* **Supplied data**:

▬▬▬▬▬▬

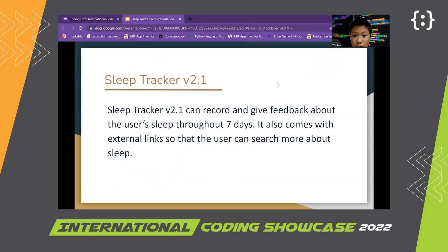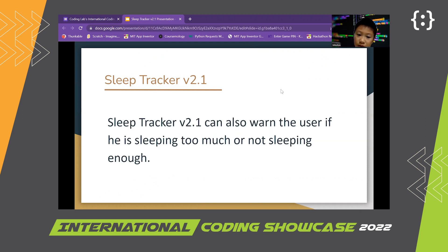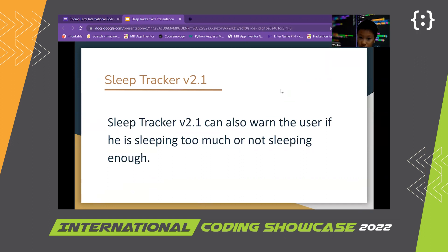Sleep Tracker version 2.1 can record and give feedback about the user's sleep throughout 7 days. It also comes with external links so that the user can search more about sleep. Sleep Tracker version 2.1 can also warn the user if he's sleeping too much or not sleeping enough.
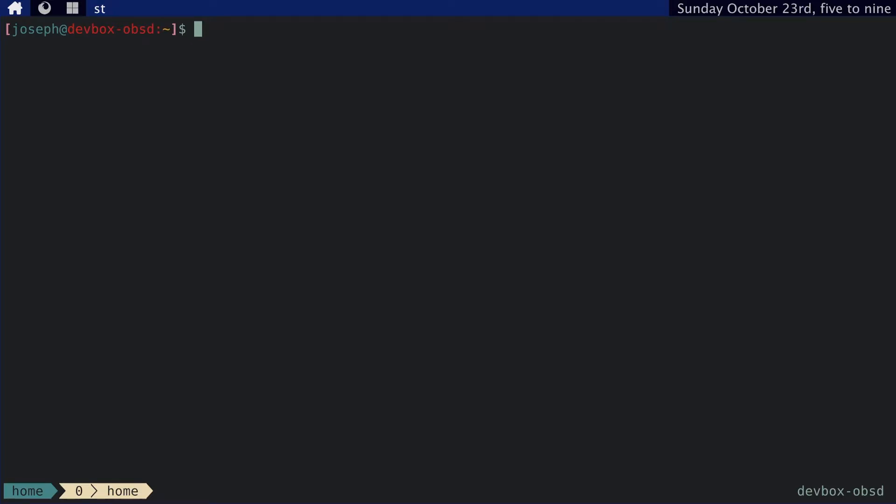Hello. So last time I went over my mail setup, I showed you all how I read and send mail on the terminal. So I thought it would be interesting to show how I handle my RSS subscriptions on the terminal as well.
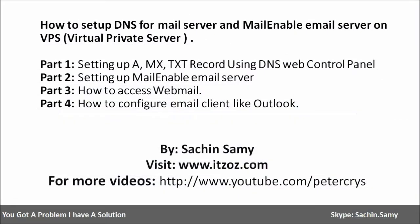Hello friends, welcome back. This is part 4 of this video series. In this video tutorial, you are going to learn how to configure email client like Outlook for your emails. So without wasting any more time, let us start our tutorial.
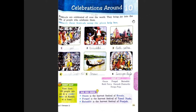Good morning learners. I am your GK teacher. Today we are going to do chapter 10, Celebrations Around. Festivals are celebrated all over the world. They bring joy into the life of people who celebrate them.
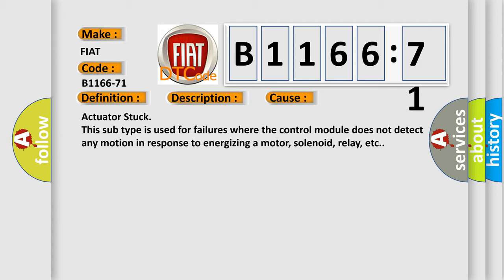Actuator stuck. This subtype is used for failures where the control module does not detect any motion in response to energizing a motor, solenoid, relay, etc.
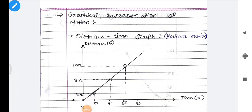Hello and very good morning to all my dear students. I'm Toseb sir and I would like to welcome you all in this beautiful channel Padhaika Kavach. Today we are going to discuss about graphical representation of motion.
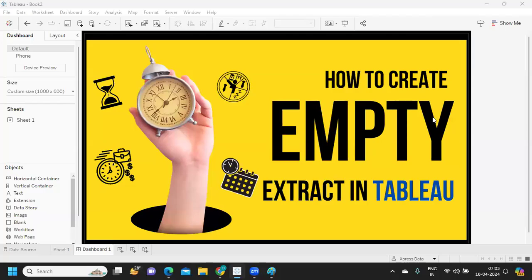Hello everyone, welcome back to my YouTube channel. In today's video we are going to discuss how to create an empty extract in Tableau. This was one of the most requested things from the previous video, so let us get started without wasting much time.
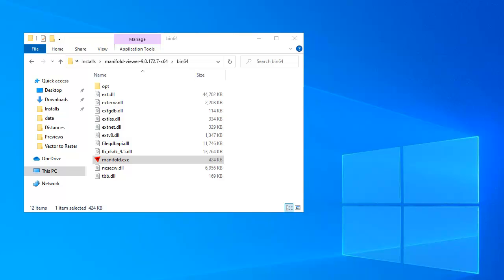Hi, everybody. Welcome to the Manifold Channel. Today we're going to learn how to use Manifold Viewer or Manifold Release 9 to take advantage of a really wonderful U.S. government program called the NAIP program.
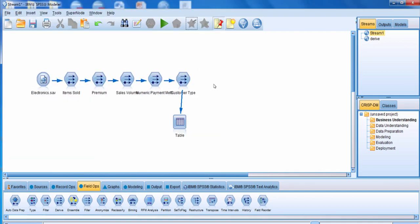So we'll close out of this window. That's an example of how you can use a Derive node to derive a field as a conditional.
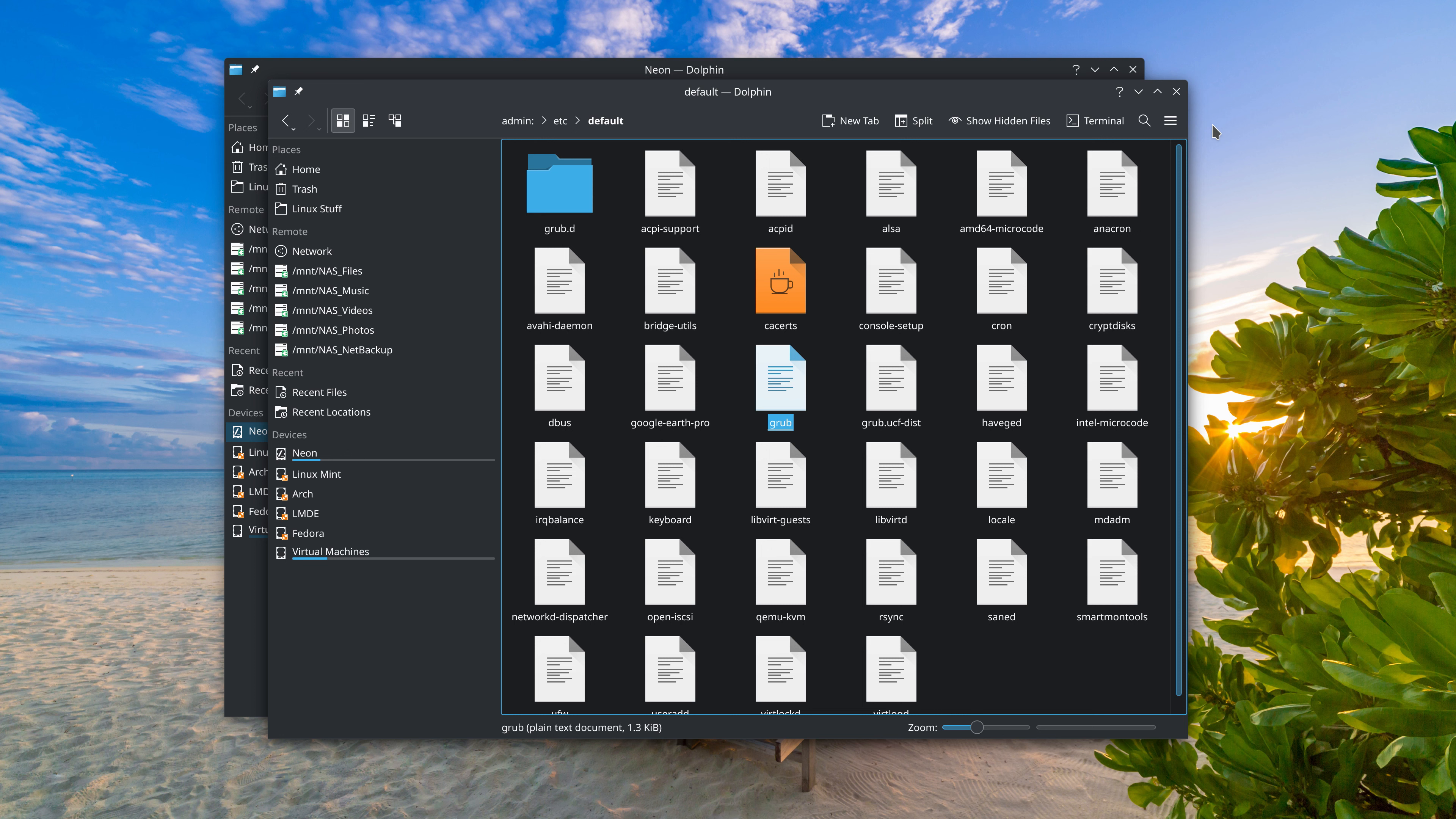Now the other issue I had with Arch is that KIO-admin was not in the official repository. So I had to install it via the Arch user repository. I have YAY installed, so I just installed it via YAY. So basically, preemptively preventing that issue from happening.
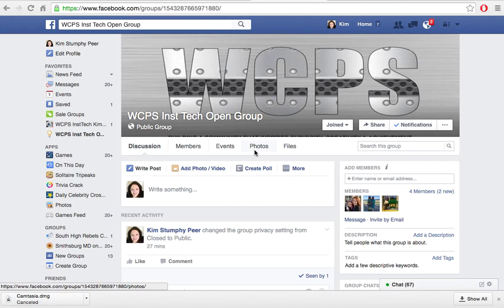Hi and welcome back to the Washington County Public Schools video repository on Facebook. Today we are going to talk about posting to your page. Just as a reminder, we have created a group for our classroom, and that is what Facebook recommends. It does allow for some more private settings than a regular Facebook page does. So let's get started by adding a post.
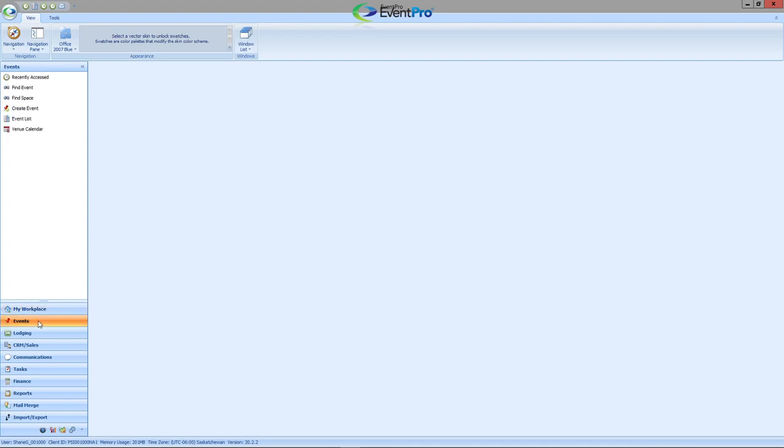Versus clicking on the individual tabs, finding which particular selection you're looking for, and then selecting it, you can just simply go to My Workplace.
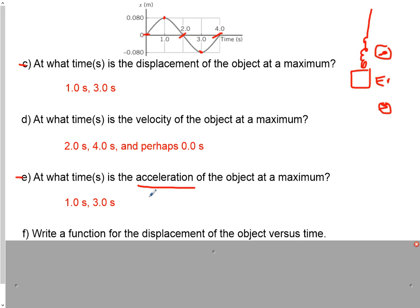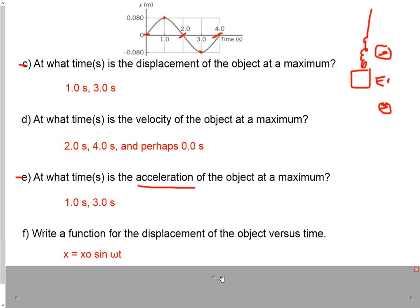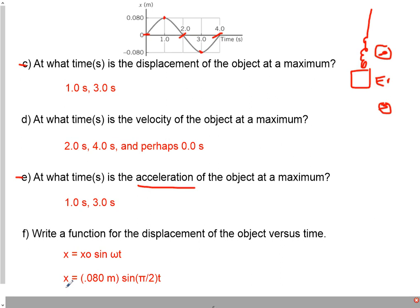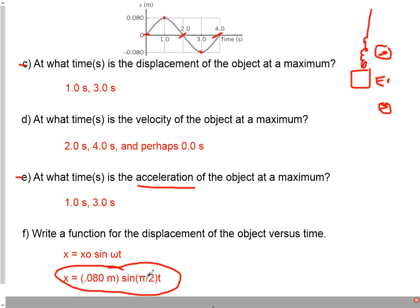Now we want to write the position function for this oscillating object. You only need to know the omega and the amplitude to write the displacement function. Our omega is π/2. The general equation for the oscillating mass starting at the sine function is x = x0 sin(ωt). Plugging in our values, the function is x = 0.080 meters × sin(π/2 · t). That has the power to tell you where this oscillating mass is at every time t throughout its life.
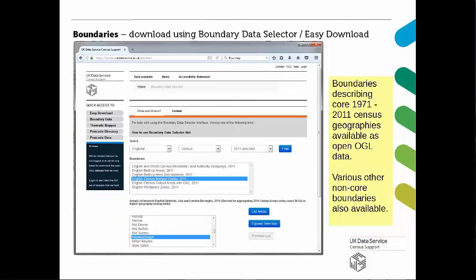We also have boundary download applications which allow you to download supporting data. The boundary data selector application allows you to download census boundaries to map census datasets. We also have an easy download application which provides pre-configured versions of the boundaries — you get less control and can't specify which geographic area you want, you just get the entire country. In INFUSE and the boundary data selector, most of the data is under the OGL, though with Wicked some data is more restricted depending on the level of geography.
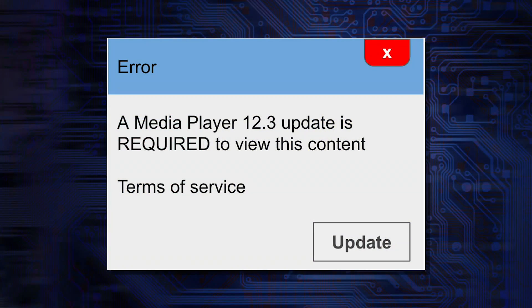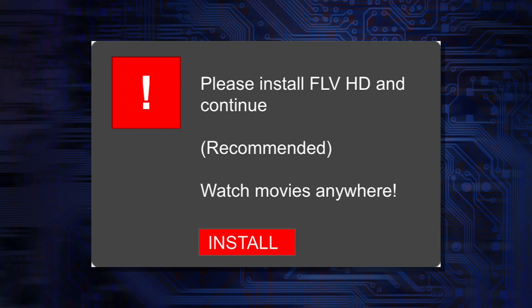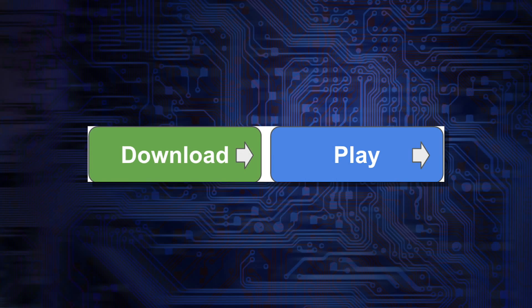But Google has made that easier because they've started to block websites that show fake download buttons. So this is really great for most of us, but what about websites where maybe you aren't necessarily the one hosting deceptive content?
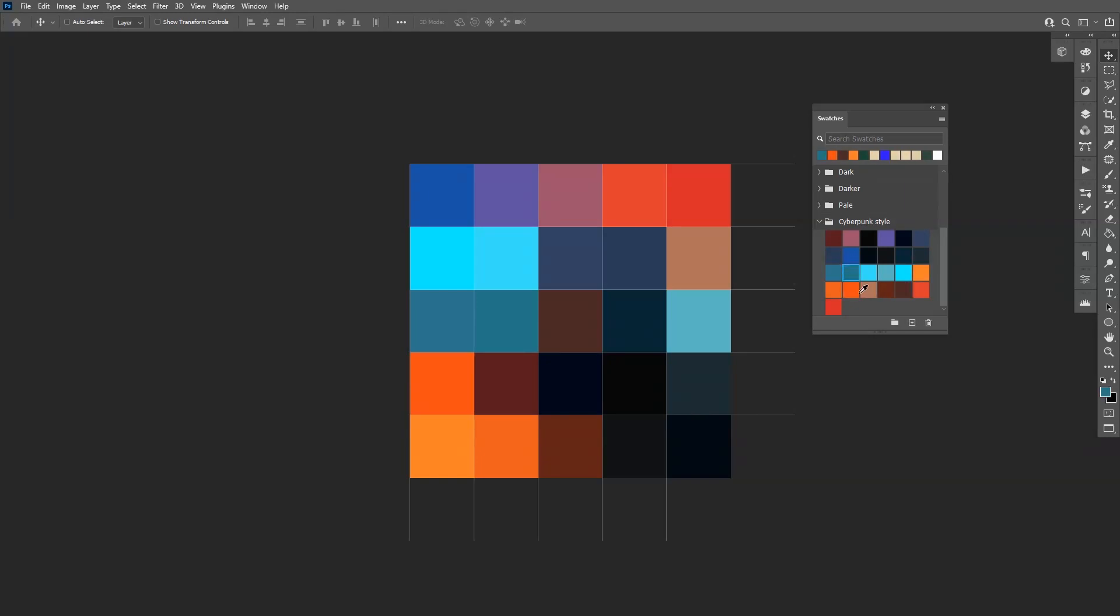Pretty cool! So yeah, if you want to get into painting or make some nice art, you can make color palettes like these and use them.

▬▬▬▬▬▬

The reply must hold every line above exactly as written and none of the pictures.

Sleep Tracker version 2.1 can record and give feedback about the user's sleep throughout 7 days. It also comes with external links so that the user can search more about sleep. Sleep Tracker version 2.1 can also warn the user if he's sleeping too much or not sleeping enough.
Hello. So last time I went over my mail setup, I showed you all how I read and send mail on the terminal. So I thought it would be interesting to show how I handle my RSS subscriptions on the terminal as well.
Hello friends, welcome back. This is part 4 of this video series. In this video tutorial, you are going to learn how to configure email client like Outlook for your emails. So without wasting any more time, let us start our tutorial.
Good morning learners. I am your GK teacher. Today we are going to do chapter 10, Celebrations Around. Festivals are celebrated all over the world. They bring joy into the life of people who celebrate them.
Actuator stuck. This subtype is used for failures where the control module does not detect any motion in response to energizing a motor, solenoid, relay, etc.
Hello and very good morning to all my dear students. I'm Toseb sir and I would like to welcome you all in this beautiful channel Padhaika Kavach. Today we are going to discuss about graphical representation of motion.
Hello everyone, welcome back to my YouTube channel. In today's video we are going to discuss how to create an empty extract in Tableau. This was one of the most requested things from the previous video, so let us get started without wasting much time.
Hi, everybody. Welcome to the Manifold Channel. Today we're going to learn how to use Manifold Viewer or Manifold Release 9 to take advantage of a really wonderful U.S. government program called the NAIP program.
So we'll close out of this window. That's an example of how you can use a Derive node to derive a field as a conditional.
Now the other issue I had with Arch is that KIO-admin was not in the official repository. So I had to install it via the Arch user repository. I have YAY installed, so I just installed it via YAY. So basically, preemptively preventing that issue from happening.
Hi and welcome back to the Washington County Public Schools video repository on Facebook. Today we are going to talk about posting to your page. Just as a reminder, we have created a group for our classroom, and that is what Facebook recommends. It does allow for some more private settings than a regular Facebook page does. So let's get started by adding a post.
Versus clicking on the individual tabs, finding which particular selection you're looking for, and then selecting it, you can just simply go to My Workplace.
Now we want to write the position function for this oscillating object. You only need to know the omega and the amplitude to write the displacement function. Our omega is π/2. The general equation for the oscillating mass starting at the sine function is x = x0 sin(ωt). Plugging in our values, the function is x = 0.080 meters × sin(π/2 · t). That has the power to tell you where this oscillating mass is at every time t throughout its life.
We also have boundary download applications which allow you to download supporting data. The boundary data selector application allows you to download census boundaries to map census datasets. We also have an easy download application which provides pre-configured versions of the boundaries — you get less control and can't specify which geographic area you want, you just get the entire country. In INFUSE and the boundary data selector, most of the data is under the OGL, though with Wicked some data is more restricted depending on the level of geography.
But Google has made that easier because they've started to block websites that show fake download buttons. So this is really great for most of us, but what about websites where maybe you aren't necessarily the one hosting deceptive content?
Pretty cool! So yeah, if you want to get into painting or make some nice art, you can make color palettes like these and use them.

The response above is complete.